Lending corruption and bank loan contracting: implications for gender inequity and inclusive growth in West Africa

Research partner: Auburn University

Principal investigator: Dr Kelly Krawczyk (Auburn University) 

Co-principal investigators: Dr Hayford Nsiah and Brian Ezeonu (Auburn University)

Summary

The banking and finance industries play a major role in fostering development through their provision of access to credit. The access conditions to bank loans therefore play a decisive role in the revitalization and development of small‐ and medium‐size enterprises (SMSEs) in developing countries in West Africa such as Nigeria and Ghana. By collecting deposits and providing credit to individuals, families, and businesses, the banking system is often regarded as the lifeblood of many economies and is very instrumental to growth. Yet, lending corruption is a key agency problem for banks. Banks in countries with more lending corruption have poor loan quality, worse earnings performance, and are more susceptible to trouble during a financial crisis. This issue is considered crucial in Nigeria and Ghana, where economic diversification is critical to reducing vulnerability to external shocks driven by the economy’s over‐dependence on natural resources. 

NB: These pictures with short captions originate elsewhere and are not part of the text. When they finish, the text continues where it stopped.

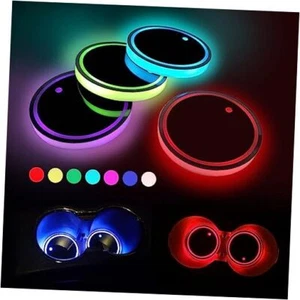 4pcs LED Car Cup Holders, Waterproof Cup Holder with 7 Colors Changing USB - Picture 1 of 8
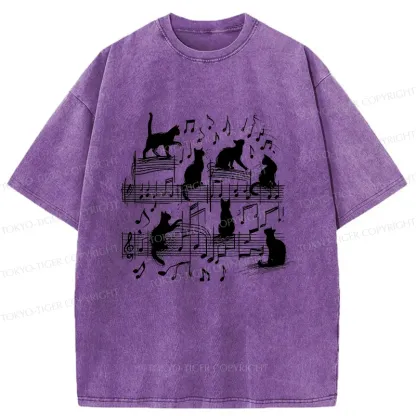 Tokyo-Tiger Cat Scratching Sheet Music Washed T-Shirt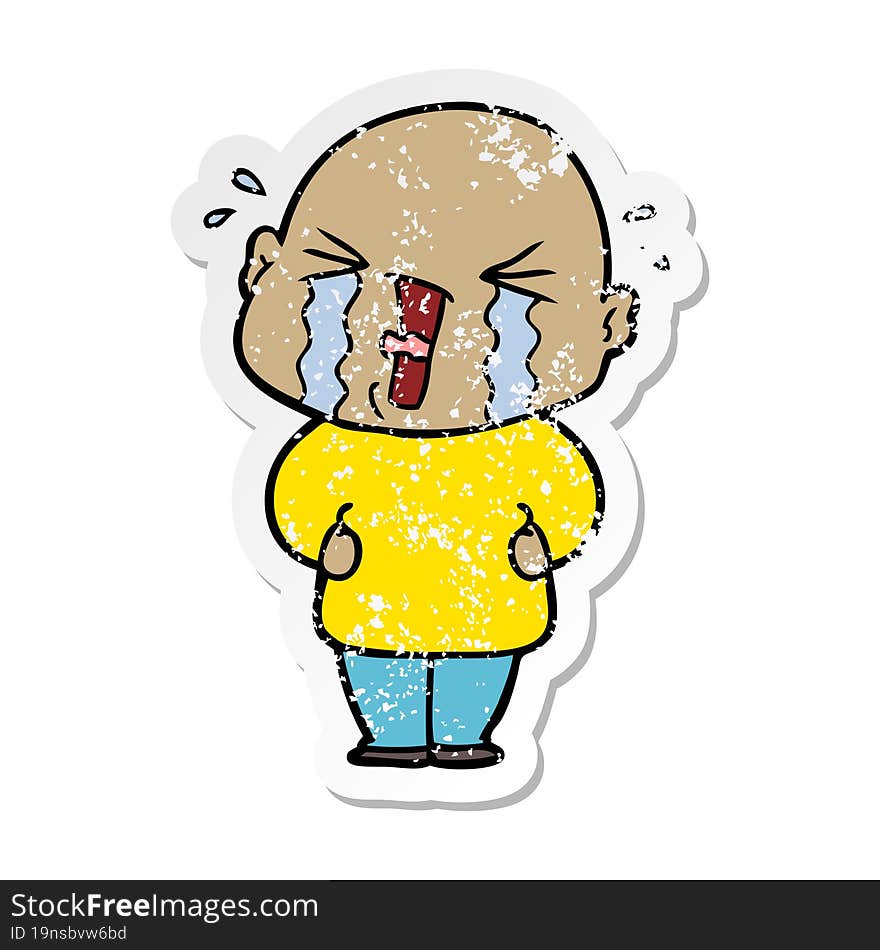 distressed sticker of a cartoon crying bald man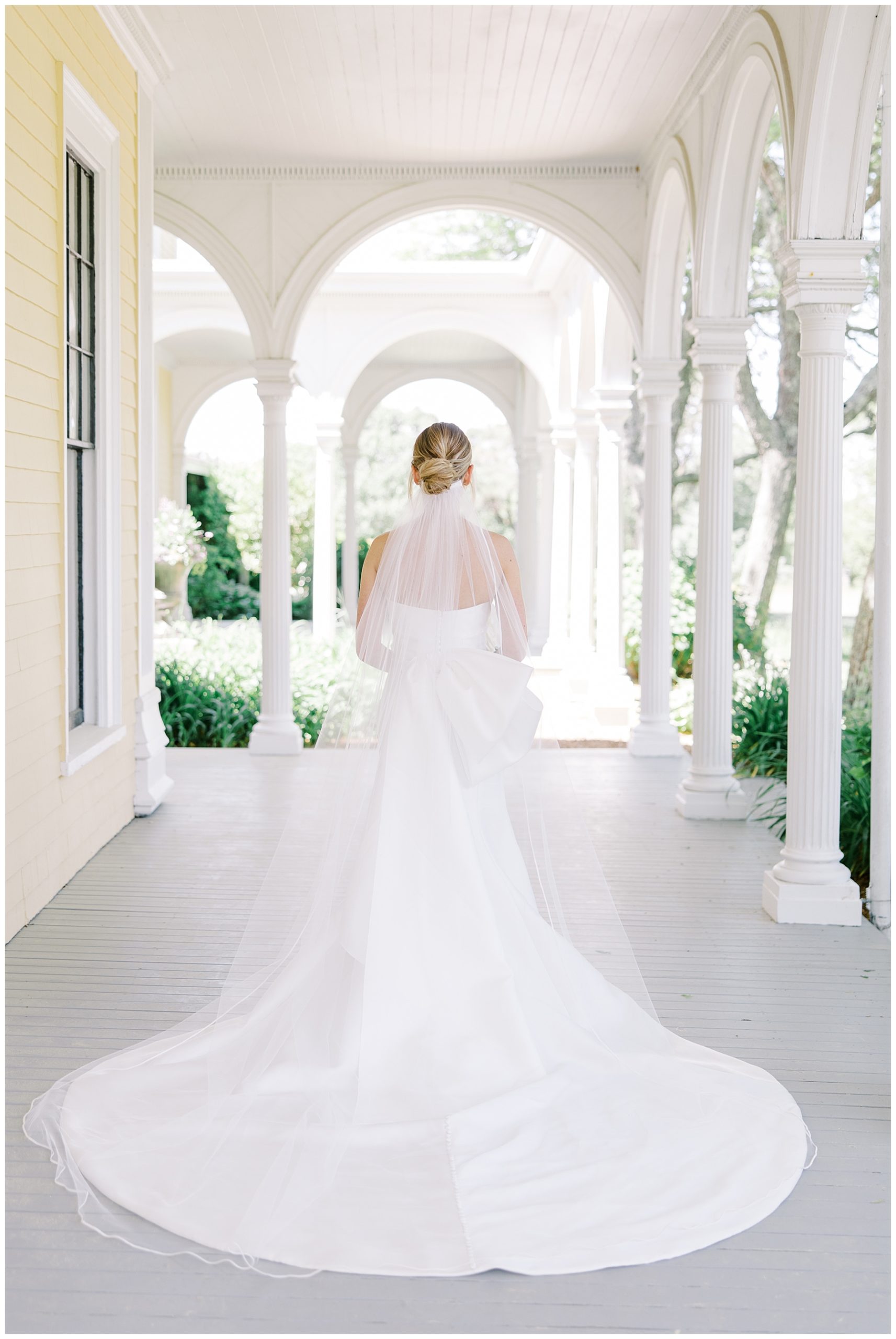 back of bride's elegant wedding dress 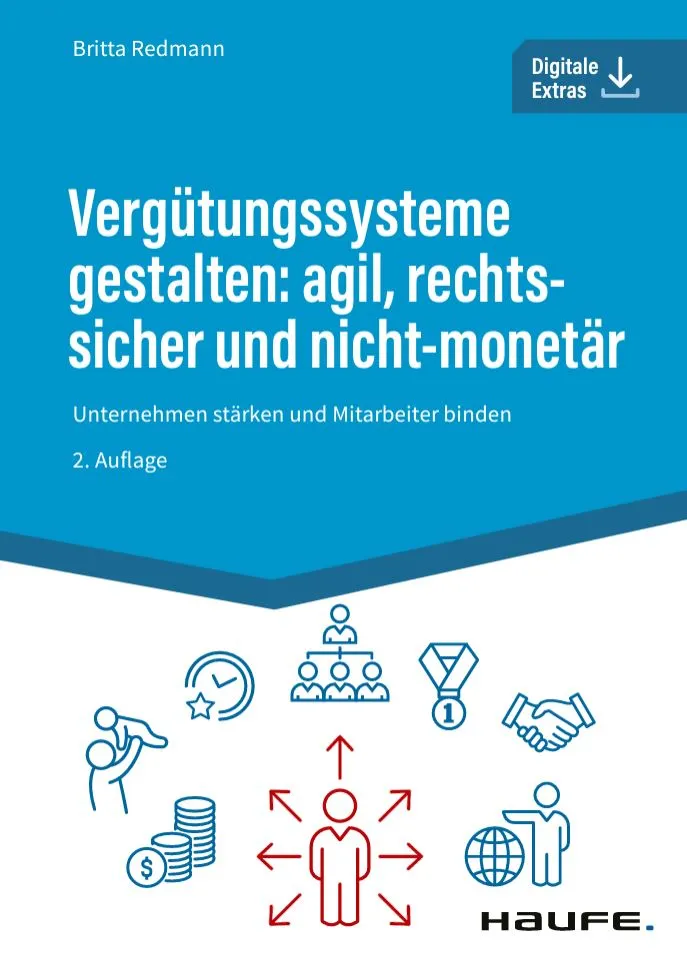 Buchcover des Buches 'Vergütungssysteme gestalten: agil, rechtssicher und nicht-monetär' von Britta Redmann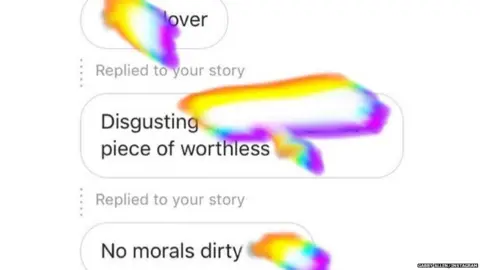 Gabby Allen/Instagram A screenshot of one of the messages Allen received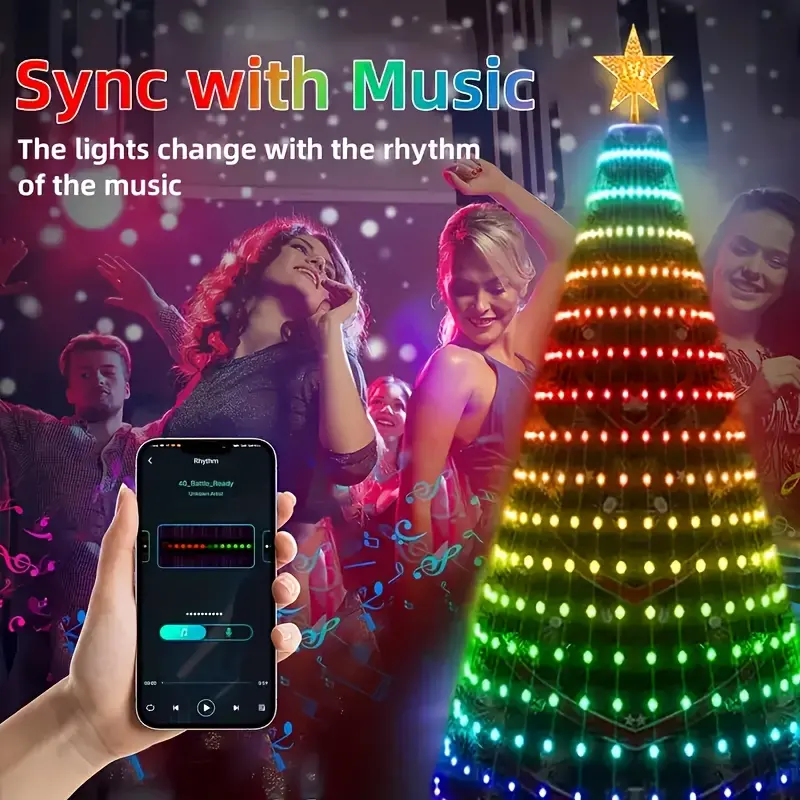 Smart 400 LED Christmas Tree Lights with Remote App Control and Music Sync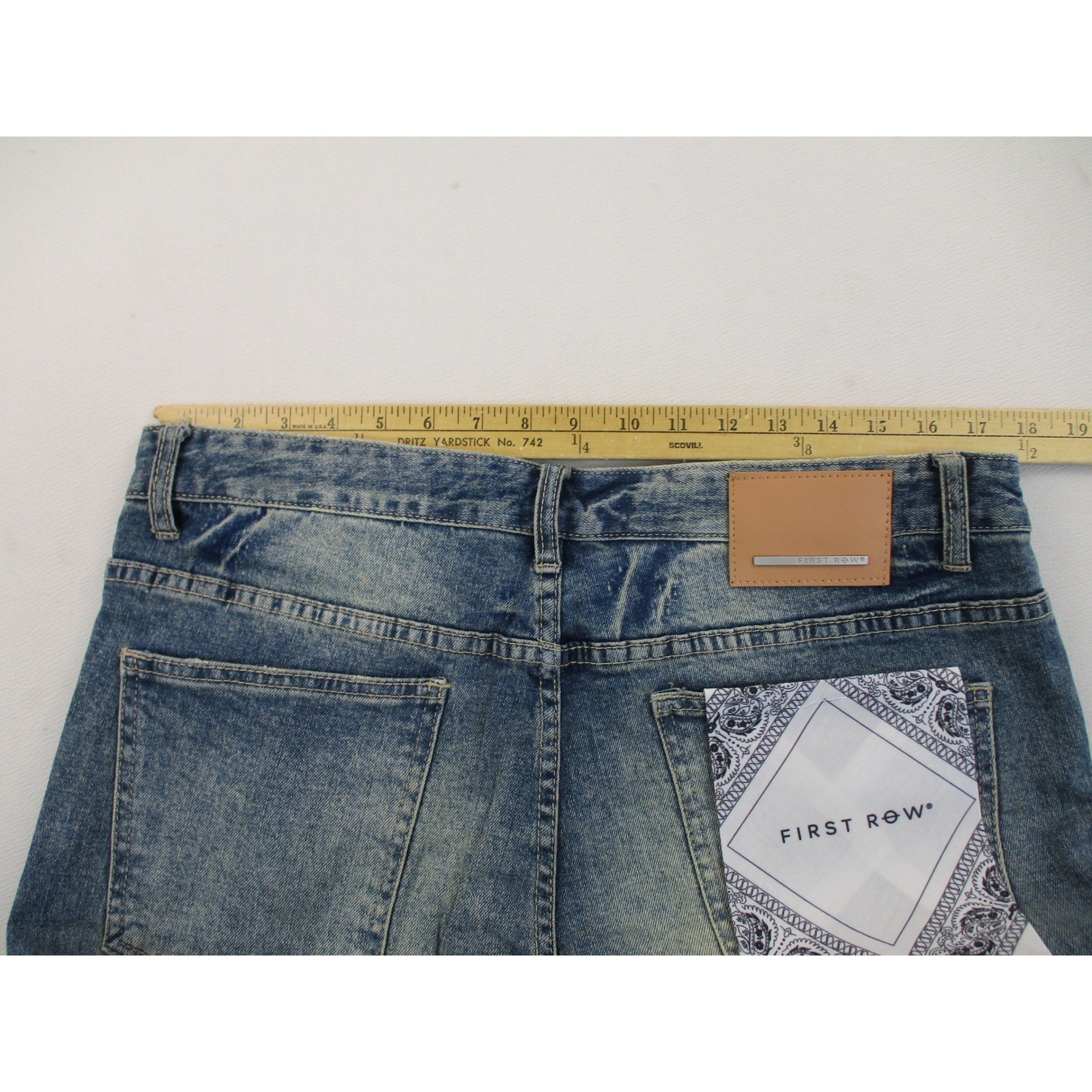 First Row Jeans Men 36 Blue Straight Fit Y2K Distressed Patchwork Splatter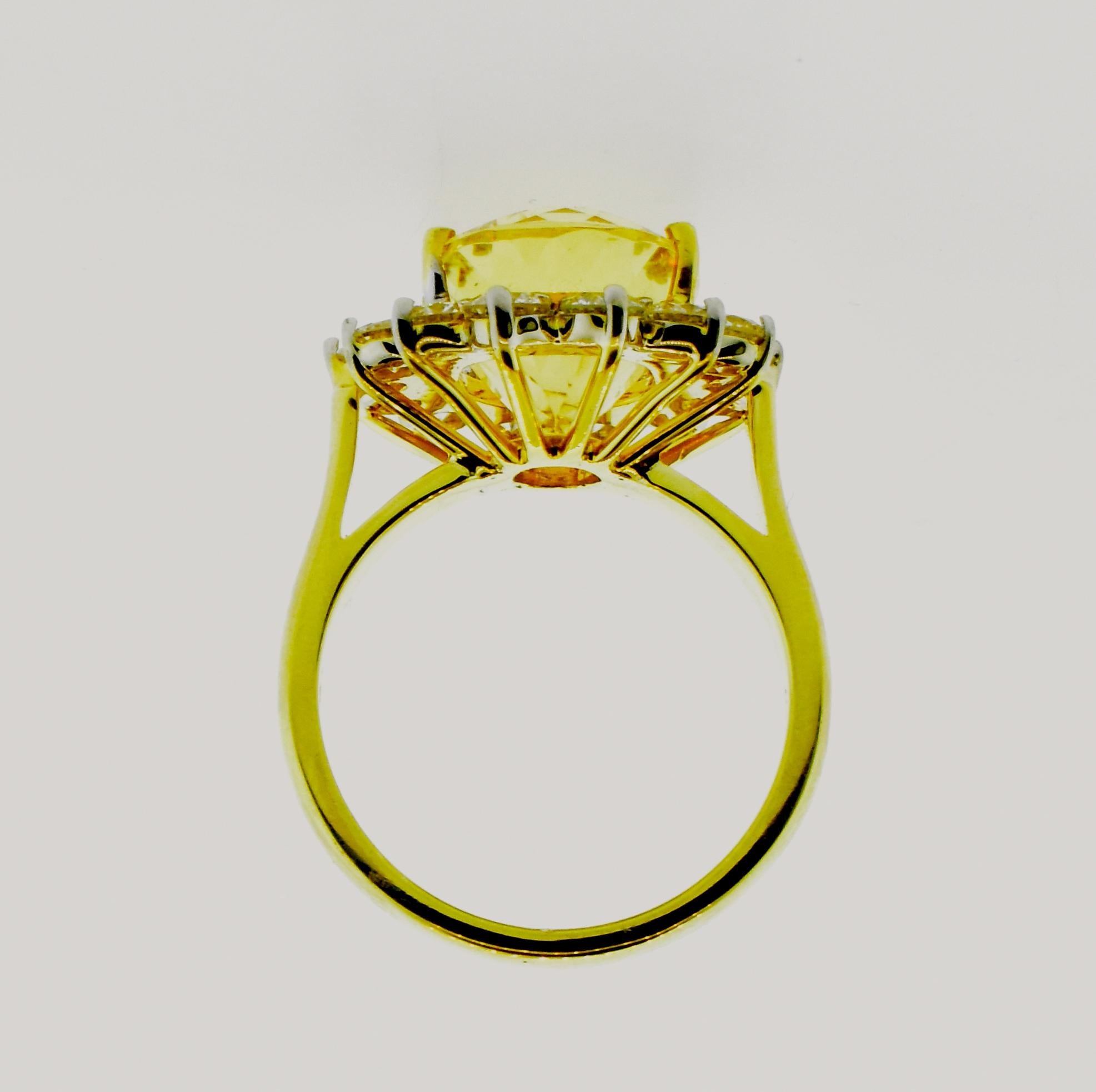 18K yellow gold, Diamond and  natural GIA Certified Golden Yellow Beryl Ring 4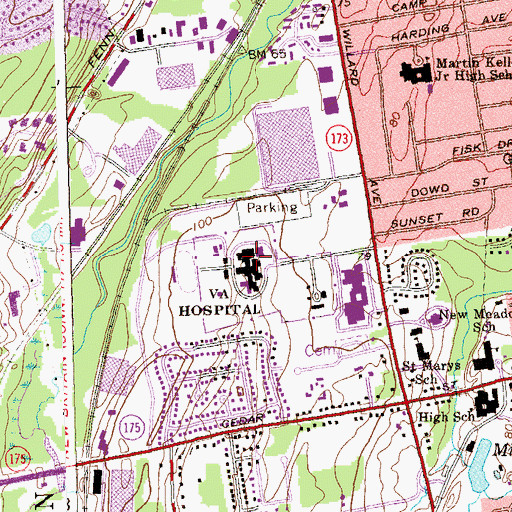 Topographic Map of Veterans Affairs Connecticut Healthcare System Newington Campus, CT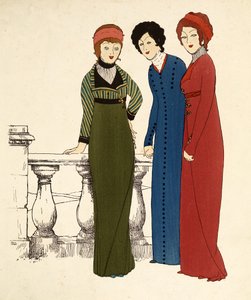 Drie dames in jurken (kleur lithografie)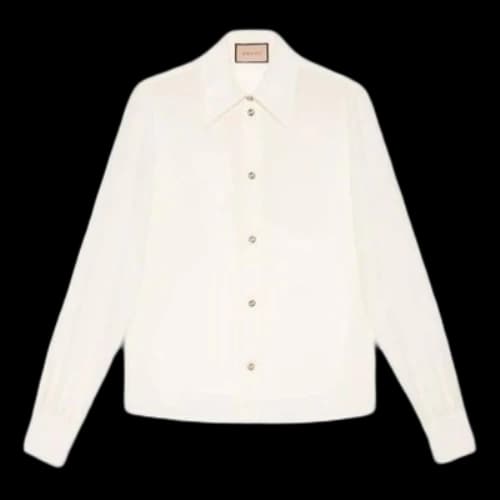 Gucci Silk Crpe De Chine Shirt 'Ivory' (Women's)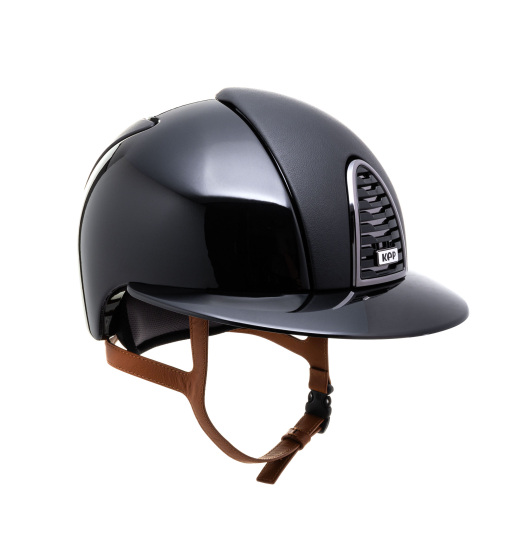 KEP Italia KEP ITALIA CROMO 2.0 POLISH EQUESTRIAN HELMET LEATHER FRONT BACK/POLISH POLO VISOR/BEIGE CHIN/MIRROR FRAME/SILVER LOGO BLACK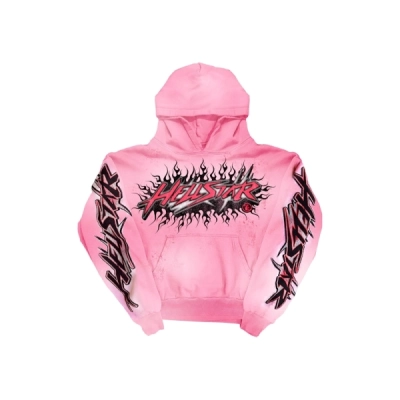 Hellstar Brainwashed Without Brain HoodiePink FW23+HELLSTAR Flame Sweatpants Pink Grey 02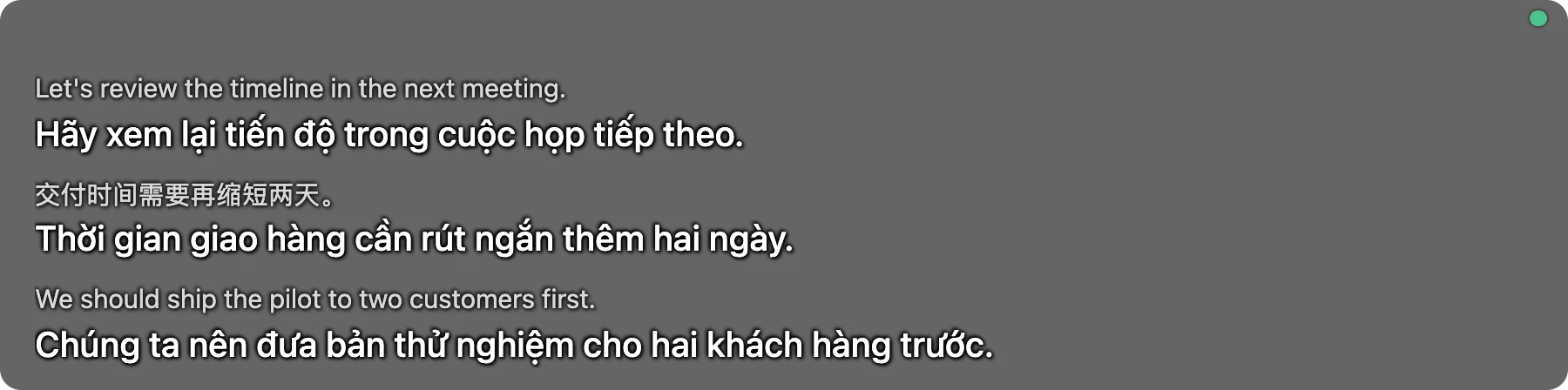 Thanh phụ đề đã khóa, không viền, không có nút nào, hiện bản dịch trên nền cuộc họp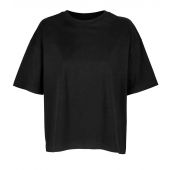 SOL'S Ladies Boxy Oversized Organic T-Shirt - Deep Black Size XL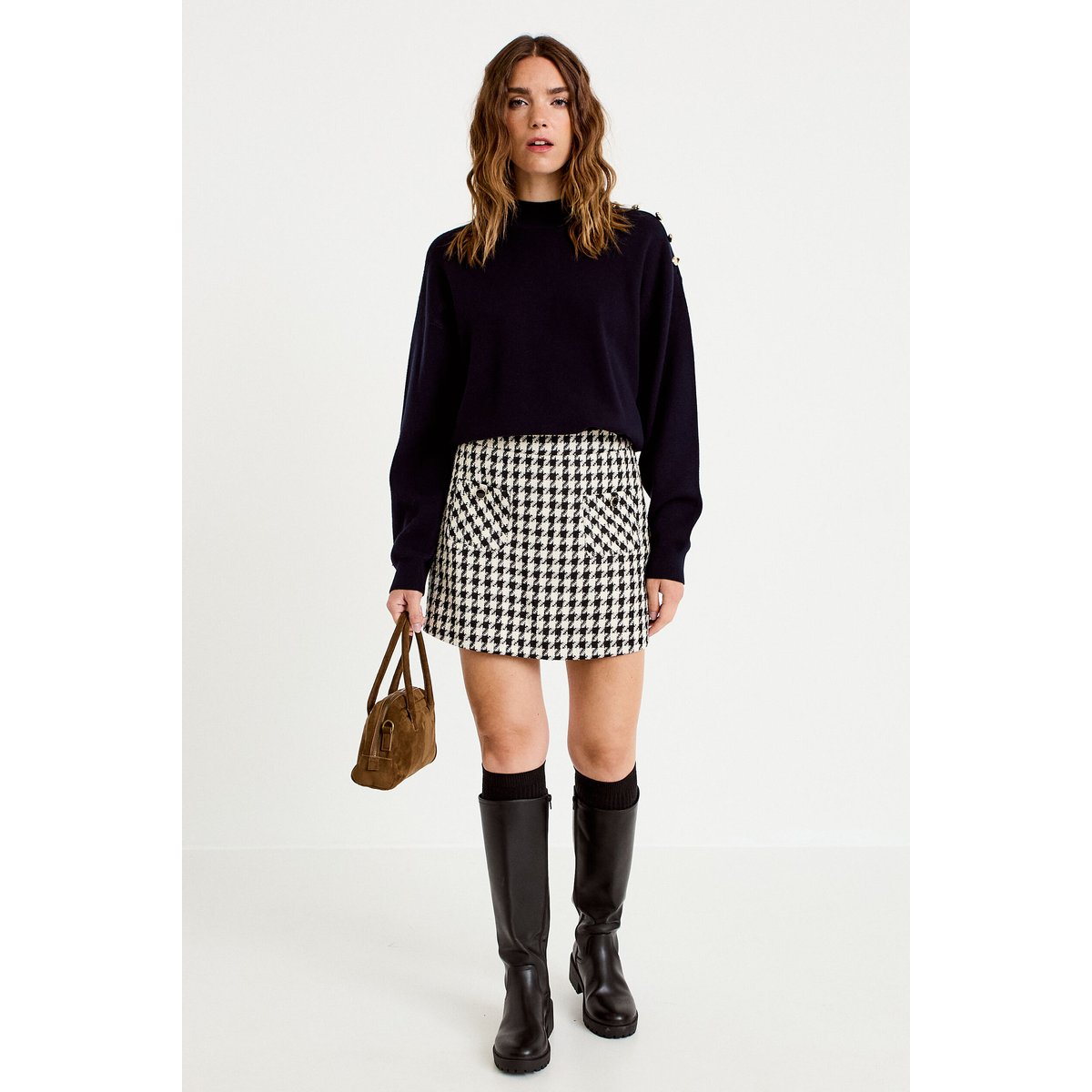 Jupe-short trapèze tweed taille haute noir, CACHE CACHE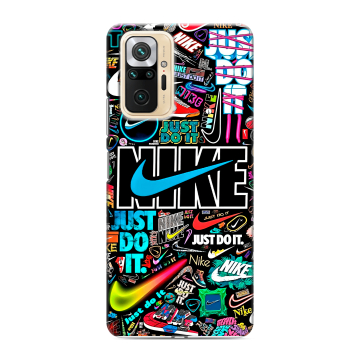 Силиконовый чехол на Xiaomi RedMi Note 10 Pro с принтом найк nike черный Силиконовый чехол на Xiaomi RedMi Note 10 Pro с принтом найк nike черный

Most studies on corruption have focused on the public sector, given it plays a significant role in providing an enabling environment for businesses, but recently private sector corruption is becoming a major research area. While governments are responsible for creating a good business environment, private sector corruption has the potential to stifle the outcomes of government interventions.

Using Nigeria and Ghana as case studies, this empirical study seeks to examine how lending corruption affects loan contracts of women entrepreneurs and its implications for achieving inclusive growth in West Africa.

Why the banking sector?

The banking sector plays an important role in the Nigerian and Ghanaian economy through its provision of financial services that stimulate savings and investment for economic growth. The sector’s provision of access to credit also bolsters entrepreneurship and helps small businesses expand. Nigeria and Ghana are entrepreneurial economies with an estimated 37 million micro, small and medium‐sized companies, whose contribution to economic growth and job creation is significant, however, less than a third of the SMSEs in these countries have successfully obtained a loan from a financial institution (World Bank 2017). Therefore, lending corruption, if not effectively tackled, impacts business growth and entrepreneurship negatively while also disenfranchising marginalised groups, such as women, from the credit market.

The research project

The study will explore early‐life‐cycle gender‐related lending corruption in bank loan contracting which may have long‐lasting effects on entrepreneurial development and growth. The research will adopt a mixed methodology utilising three instruments in its approach: 1) a survey questionnaire designed to capture women entrepreneurs’ experiences with lending corruption, 2) In‐ depth interviews will be conducted with bank executives on their lending practices and 3) a contextualised qualitative interview for key informants.

This research project is one of nine projects from our grants scheme that aim to tackle corruption in the private sector.